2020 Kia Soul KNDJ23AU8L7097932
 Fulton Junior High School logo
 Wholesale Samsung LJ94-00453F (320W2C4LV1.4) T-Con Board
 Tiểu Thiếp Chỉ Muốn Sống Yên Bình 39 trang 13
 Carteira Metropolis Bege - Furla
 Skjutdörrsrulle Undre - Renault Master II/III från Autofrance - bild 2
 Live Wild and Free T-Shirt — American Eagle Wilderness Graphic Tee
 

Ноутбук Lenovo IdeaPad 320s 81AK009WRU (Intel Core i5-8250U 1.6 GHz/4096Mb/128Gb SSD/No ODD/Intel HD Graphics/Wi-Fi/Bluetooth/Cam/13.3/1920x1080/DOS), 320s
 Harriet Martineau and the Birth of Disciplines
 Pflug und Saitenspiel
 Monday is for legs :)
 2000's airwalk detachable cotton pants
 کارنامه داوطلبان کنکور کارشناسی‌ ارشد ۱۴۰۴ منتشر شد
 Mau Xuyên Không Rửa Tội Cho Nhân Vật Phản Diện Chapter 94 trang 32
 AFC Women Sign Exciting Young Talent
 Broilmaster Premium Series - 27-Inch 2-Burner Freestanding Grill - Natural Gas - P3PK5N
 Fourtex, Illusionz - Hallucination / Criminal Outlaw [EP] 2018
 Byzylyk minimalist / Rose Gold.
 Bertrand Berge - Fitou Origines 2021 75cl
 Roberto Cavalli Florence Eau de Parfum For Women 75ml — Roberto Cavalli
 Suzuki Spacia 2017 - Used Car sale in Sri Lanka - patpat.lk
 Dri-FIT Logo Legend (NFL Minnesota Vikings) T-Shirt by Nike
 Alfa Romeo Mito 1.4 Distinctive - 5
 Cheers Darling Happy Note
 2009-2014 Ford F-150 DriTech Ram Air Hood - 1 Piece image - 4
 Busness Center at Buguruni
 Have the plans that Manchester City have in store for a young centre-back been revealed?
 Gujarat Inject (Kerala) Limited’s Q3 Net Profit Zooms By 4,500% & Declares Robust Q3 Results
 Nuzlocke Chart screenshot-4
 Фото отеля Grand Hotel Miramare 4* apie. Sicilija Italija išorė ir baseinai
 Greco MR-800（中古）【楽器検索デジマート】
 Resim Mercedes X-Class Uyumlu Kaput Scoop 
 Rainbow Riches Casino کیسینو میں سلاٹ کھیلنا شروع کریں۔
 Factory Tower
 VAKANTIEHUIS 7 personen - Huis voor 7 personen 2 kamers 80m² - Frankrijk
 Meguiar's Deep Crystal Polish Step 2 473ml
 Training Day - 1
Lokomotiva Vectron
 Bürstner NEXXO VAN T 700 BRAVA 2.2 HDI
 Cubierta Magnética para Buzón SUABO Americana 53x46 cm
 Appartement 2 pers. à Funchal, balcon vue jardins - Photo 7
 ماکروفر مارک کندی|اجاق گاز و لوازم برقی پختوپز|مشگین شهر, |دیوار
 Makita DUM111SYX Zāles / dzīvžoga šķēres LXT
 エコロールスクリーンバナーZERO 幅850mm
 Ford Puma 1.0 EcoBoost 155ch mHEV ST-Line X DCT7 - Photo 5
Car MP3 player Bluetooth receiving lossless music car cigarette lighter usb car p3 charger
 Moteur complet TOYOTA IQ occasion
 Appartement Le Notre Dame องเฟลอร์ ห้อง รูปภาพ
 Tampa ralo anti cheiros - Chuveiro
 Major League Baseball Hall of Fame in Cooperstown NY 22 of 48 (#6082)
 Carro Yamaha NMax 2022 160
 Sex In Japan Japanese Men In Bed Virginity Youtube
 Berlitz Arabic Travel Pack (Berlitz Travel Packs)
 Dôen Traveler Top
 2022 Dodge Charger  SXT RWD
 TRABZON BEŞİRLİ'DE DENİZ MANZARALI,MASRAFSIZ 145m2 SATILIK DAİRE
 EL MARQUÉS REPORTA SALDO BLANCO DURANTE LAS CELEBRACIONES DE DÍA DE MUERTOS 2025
= = = = =
● **Your objective**: Track down all lines above with the string "Ford" and copy them.

● **Reply to the exercise**:
 2009-2014 Ford F-150 DriTech Ram Air Hood - 1 Piece image - 4
 Ford Puma 1.0 EcoBoost 155ch mHEV ST-Line X DCT7 - Photo 5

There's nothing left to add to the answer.